Adelson, who owns the Israel Hayom tabloid in Israel, was recently outed as the secret purchaser of the Las Vegas newspaper for $140 million.
Israel Hayom is often criticized as a mouthpiece for Netanyahu, who counts Adelsons among his most important financial backers.
Yemen’s much-violated ceasefire will be extended for seven days after it officially expires Monday, the head of the government negotiation team said Sunday at UN-brokered talks in Switzerland.
“The truce will be extended for seven more days and will then be automatically extended if it is respected by the other party,” Foreign Minister Abdel Malak al-Mekhlafi told reporters in Bern, referring to the Iran-backed Houthi rebels.
— AFP
Police are asking for the public’s help in locating a soldier missing since Saturday.
The soldier, Menachem Mendel “Mendy” Mazryova,19, from Bat Yam, was last seen leaving home on his way to his base on Saturday evening.
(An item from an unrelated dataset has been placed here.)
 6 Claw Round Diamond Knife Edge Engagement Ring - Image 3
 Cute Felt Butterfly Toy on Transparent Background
He is described as skinny and 1.76 meters tall, with black hair and brown eyes.
Anyone with information is asked to call 100.
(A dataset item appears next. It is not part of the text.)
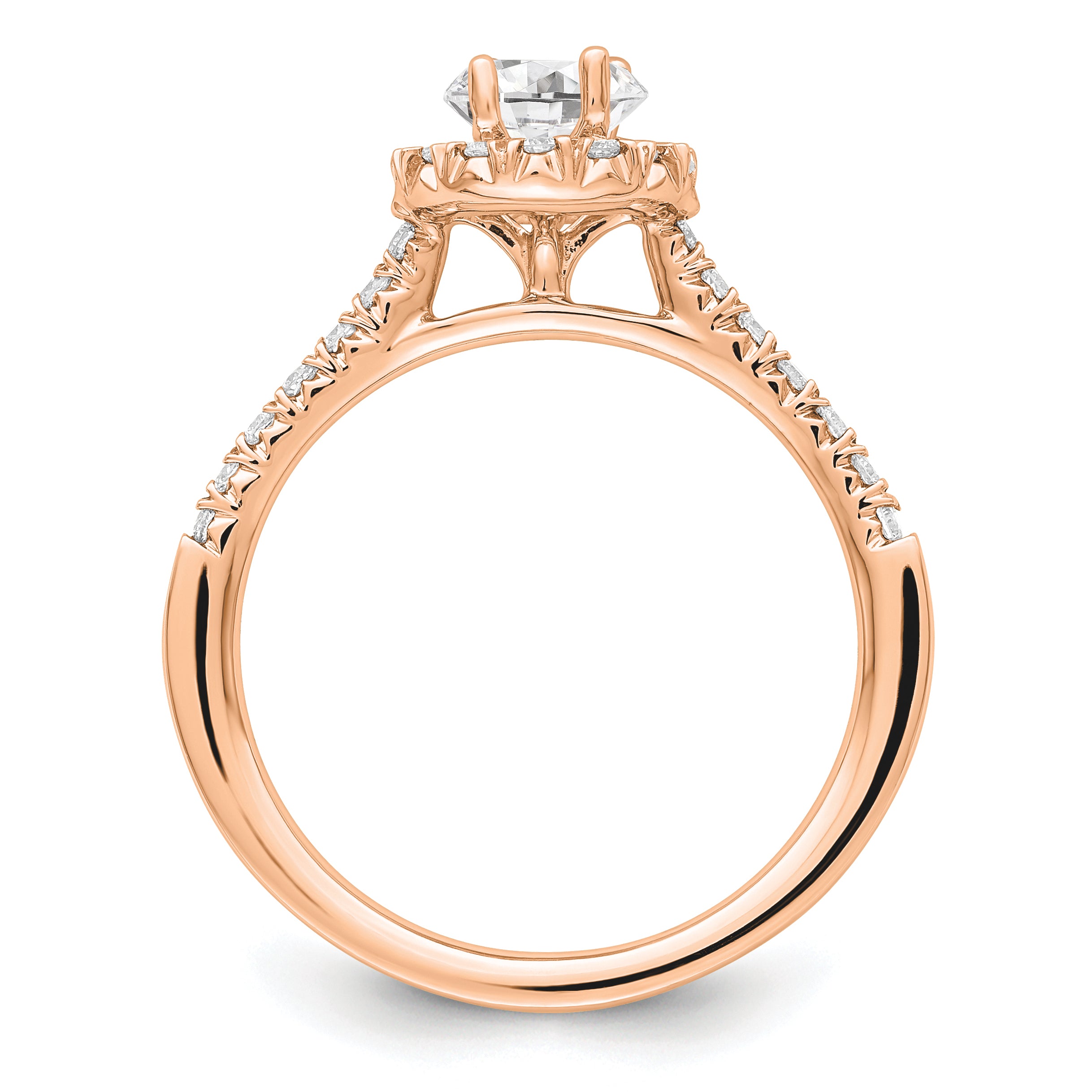 14k Rose Gold 7/8 carat Lab Grown Diamond VS/SI+ G+ Oval Complete Halo Engagement Ring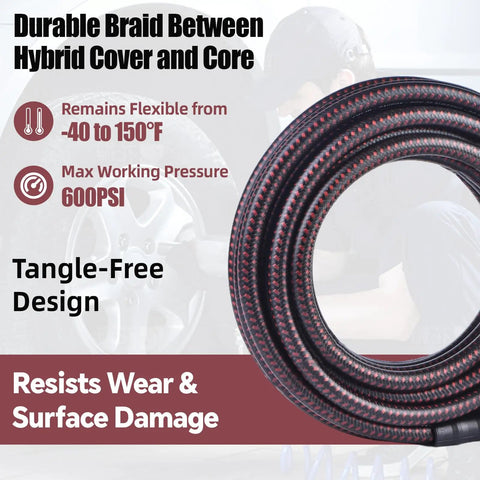 Beefy Heavy Duty Hybrid Air Hose For Industrial Compressors One Quarter Inch By Twenty Five Foot 600 PSI coiled view with text overlay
אנו שמחים לבשר כי החייל מנחם מענדל (מנדי) מזריובה בן ה-19 אותר כשהוא בריא ושלם. תודה לכל מי ששיתף וסייע בחיפושים. לילה טוב
Posted by Israel Police – משטרת ישראל on Sunday, 20 December 2015
UNIFIL releases a statement saying that it has stepped up patrols along the border between Israel and Lebanon in a bid to tamp down on cross-border violence.
The statement notes that UNIFIL radars detected three rockets shot at Israel earlier in the evening, with one of the rockets landing in the sea, according to the IDF.
It says Israel fired eight 120-mm shells in response to the rocket fire.
UNIFIL chief Luciano Portolano is in contact with officials in Lebanon and Israel in a bid to restore calm, the statement says.
“This is a serious incident in violation of UN Security Council Resolution 1701 and is clearly directed at undermining stability in the area. It is imperative to identify and apprehend the perpetrators of this attack. Additional troops have been deployed on the ground and patrols have been intensified across our area of operations in coordination with the LAF to prevent any further incidents,” Portolano says, according to the statement.
— Judah Ari Gross
A gunman opens fire on IDF troops near the West Bank city of Hebron, the army says.
No one is injured in the attack. Some damage was caused to a military post.
Israeli forces launch a search of the area for the assailant, who fled the scene.